AI/ML Infra Meetup | Improve Speed and GPU Utilization for Model Training & Serving

Speed and efficiency are two requirements for the underlying infrastructure for machine learning model development. Data access can bottleneck end-to-end machine learning pipelines as training data volume grows and when large model files are more commonly used for serving. For instance, data loading can constitute nearly 80% of the total model training time, resulting in less than 30% GPU utilization. Also, loading large model files for deployment to production can be slow because of slow network or storage read operations. These challenges are prevalent when using popular frameworks like PyTorch, Ray, or HuggingFace, paired with cloud object storage solutions like S3 or GCS, or downloading models from the HuggingFace model hub.

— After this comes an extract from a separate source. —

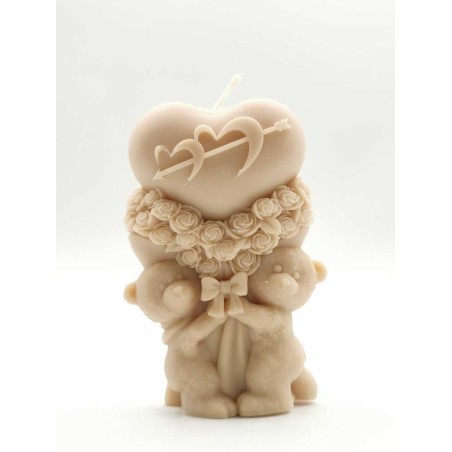 Bougie cœur et ses nounours 110g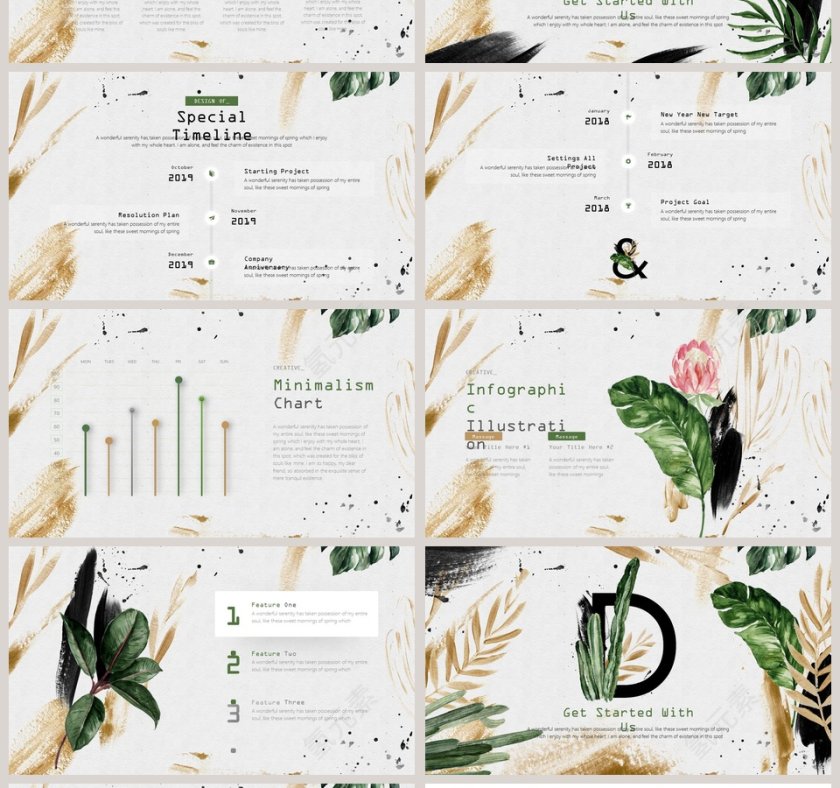 绿色植物通用工作总结PPT第4张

In this presentation, Lu and Siyuan will offer comprehensive insights into improving speed and GPU utilization for model training and serving. You will learn:

The data loading challenges hindering GPU utilization
The reference architecture for running PyTorch and Ray jobs while reading data from S3, with benchmark results of training ResNet50 and BERT
Real-world examples of boosting model performance and GPU utilization through optimized data access

Video:

Presentation slides:

AI/ML Infra Meetup | Improve Speed and GPU Utilization for Model Training & Serving from Alluxio, Inc.

Speaker:

Lu Qiu is a Data & AI Platform Tech Lead at Alluxio and is a PMC maintainer of the open source project Alluxio. Lu develops big data solutions for AI/ML training. Before that, Lu was responsible for core Alluxio components including leader election, journal management, and metrics management. Lu receives an M.S. degree from George Washington University in Data Science.

Siyuan Sheng is a senior software engineer at Alluxio. Previously, he has worked as a Software engineer in Rubrik’s Appflows team. Siyuan received his MS of Computer Science from CMU. He also loves snowboarding during his spare time.